2012年、ひとつの短編漫画がpixivに投稿された。加藤片氏の「良い祖母と孫の話」だ。

人の優しさを煩わしく感じることは誰にでもあるだろう。その結果引き起こされた、ある出来事が描かれた16ページの物語は、読むものの心に衝撃を与え、大きな反響を呼んだ。

その後、竹熊健太郎氏責任編集のWEBコミックサイト・電脳MAVOにて、加藤氏自身の手によるリメイク版が発表。pixiv版に続く物語も描かれ、さらなる共感をえた。

そんな『良い祖母と孫の話』が明日9月10日、ついに単行本として発売される。

優しさが、噛みあうまでの物語

孫のしょう子は、おばあちゃんが丁寧に作ってくれたお弁当を、学校のトイレに流した。
来る日も来る日も流した。

おばあちゃんが嫌いなわけじゃない。ただ、人の手で作られたものよりも 、ビニールに包まれ、売られているものの方が安心するからだ。
もちろん、おばあちゃんには捨てていることは言っていない。

何も言わなければ、良い祖母と孫の関係を維持できる。そう思っていた。
ある日、おばあちゃんは学校で、しょう子がお弁当を捨てているのを知る。

トイレで毎日繰り返される風景。それは“良い孫”で居続けるための儀式のようだ

「良い家族」の迷走

読んでいてひたすら息が詰まる。

例えばしょう子がお弁当を捨てるシーン。最低の行為にしか見えない。
しかし物語が進むにつれ 、彼女がおばあちゃんとうまくコミュニケーションを取れず、ひどく苦しんでいるのがわかってくる。

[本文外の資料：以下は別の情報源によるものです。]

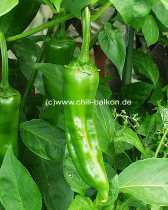 Pimiento Valparaiso - C. annuum - unreife Frucht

お弁当を捨てるのも、おばあちゃんとの関係を保つため仕方なくと思い込んだ結果、取った行動だ。

タイトルの「良い」の言葉は、序盤においては「良い家族のフリ」という皮肉だ。
気持ちを伝えないことで作られる、仮初の「良さ」にこだわってしまったがゆえに、2人の関係はどんどん壊れていく。

特にお弁当のことがおばあちゃんにバレたあと。

なにも言わぬおばあちゃんは、ものすごい圧迫感で描写され、しょう子の精神は追い詰められていく。

「ありがとう」と「ごめんね」

おばあちゃんの心理は、全く描かれていない。
絶対怒らない。怒ってくれたらまだ楽なのに、ずっと親切だから怖くなる。

単行本化にあたって、陰影など細部の描きこみが増えた画面は、物語にいっそう重厚さを与える。WEBで読んだ読者も要チェックだ

「ありがとう ごめんね」
「私もお父さんも ひとりでなんでもできるから だからもう なにもしなくていいから」

ここだけ見ると本当に冷淡な発言。でも違う、彼女が苦しみぬいた末に絞り出した言葉だ。

おばあちゃんはこの前のページで、こう言った。
「……ありがとうね しょうちゃんは優しい子だね 優しいから何も言わないでくれてるんだよね いろいろ迷惑かけてごめんね」

本心からそう言っている。

人と接するということは、言葉を交わすことだ。
黙っていれば場は円滑に進んだように見える。自分の思いを打ち明ければ、ケンカになることもあるだろう。
「感情を隠すことが優しさだ」と思い続けていたしょう子は、おばあちゃんのセリフどうり、実際優しいのだ。

だから彼女が、常に他人の顔色を伺ってしまう様子は、あまりにも切ない。

「私 おばあちゃんにすごく かわいそうなことした」と、しょう子は苦悩する。どう接すればいいのかと必死にあがく。

捨てたお弁当は、二度と戻らない。
けれど、お弁当に込められたおばあちゃんの気持ちは、絶対に消えないはず。しょう子はそれに、後からでも応えることことはできるかもしれない。

これは、言葉でコミュニケーションを取れない少女の空回りする優しさと、孫に対する祖母の無償の優しさが、噛みあうまでの物語。

2人の長い道のりを、一冊にきっちりとまとめた作者の手腕を、ぜひ読んで欲しい。